Limited Edition Williams F1 does this watch not use an ETA movement? if so, how does the oris cal 673 movement compare to the ETA oris uses on their other pieces.
i figure the chrono complication comes into play. but how does the 673 mech compare to the cal 674. i am rather new to this and would like to make a well informed purchase rather than a blind purchase like i did with my lex.
i have a great opportunity to get my hands on this particular watch and would like to get some input b4 i make the move.

if anyone can tell how far down, or up, the pecking order does the movement in the Limited Edition Williams F1 fall into.
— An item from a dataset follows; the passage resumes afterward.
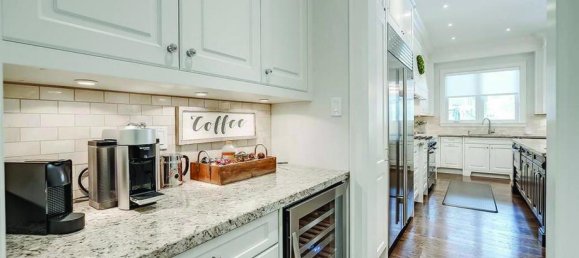 5 bedrooms House in Mississauga, Canada No. 545 7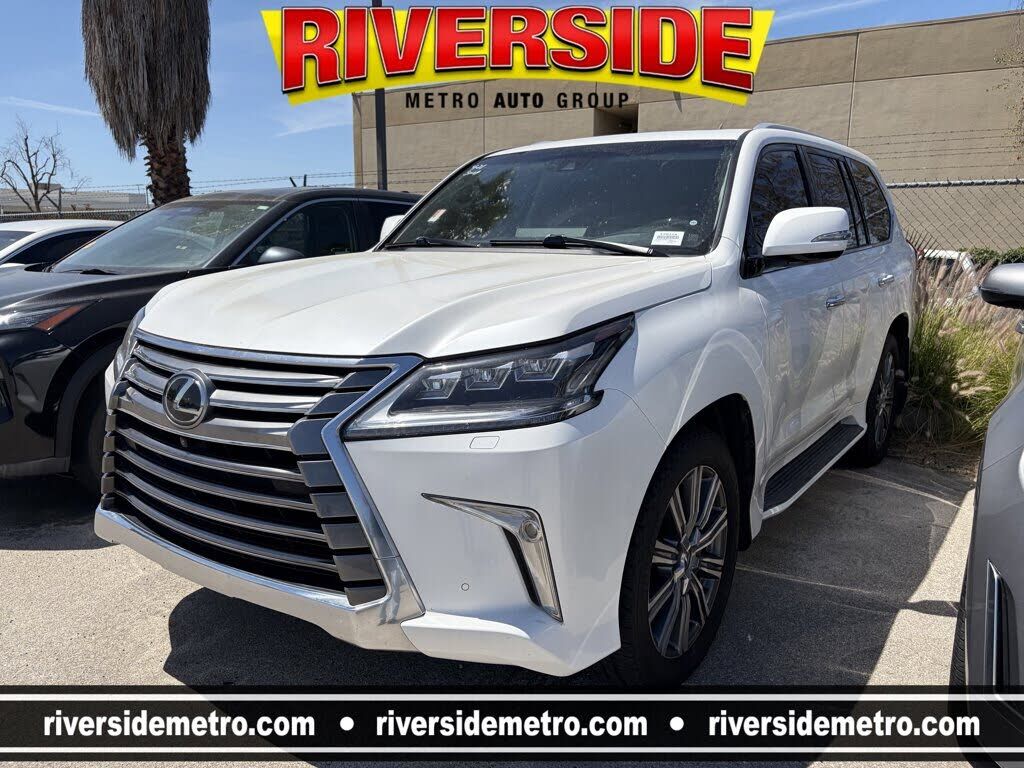 2017 LEXUS LX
being a LE i figure they would take extra attention to detail when putting something out. however, i see the Carlos edition it is plainly printed "Automatic base ETA with decentralised seconds display"

any feedback and a ballpark price i should come into terms with the seller would be greatly appreciated.

he originally asked for usd1500 but i saw 1 in WUS sell/buy forum for about usd1000 i figure i can come to terms for well under 1000.


----------



## scottjal

Direct rip from Oris below. Valjoux is a division of ETA as I understand it but that wasn't always so. Check out this site too:

http://www.ozdoba.net/swisswatch/caliber2.html

*Movementcode 674/675*​ Chronograph Cal. Oris 674/675, base Valjoux 7750, Ø 30.00 mm, 13 1/4''', automatic winding, ball bearing, 25 jewels, Incabloc, 28¹800 A/h, 4 Hz, power-reserve 42 h, fine timing device and stop-second, centre hands for hours, minutes and chronograph 1/5 sec., 3 subsidiary dials for contineous seconds, 30 minutes and 12 hours counter, date or day/date
window, date and day corrector. Initial production 1977.​ *Movementcode 672*​ Without small second, and 12 hours counter. *Movementcode 673*​ Without small second.​


----------



## edgar1013

i checked out the museum. it was quite interesting


----------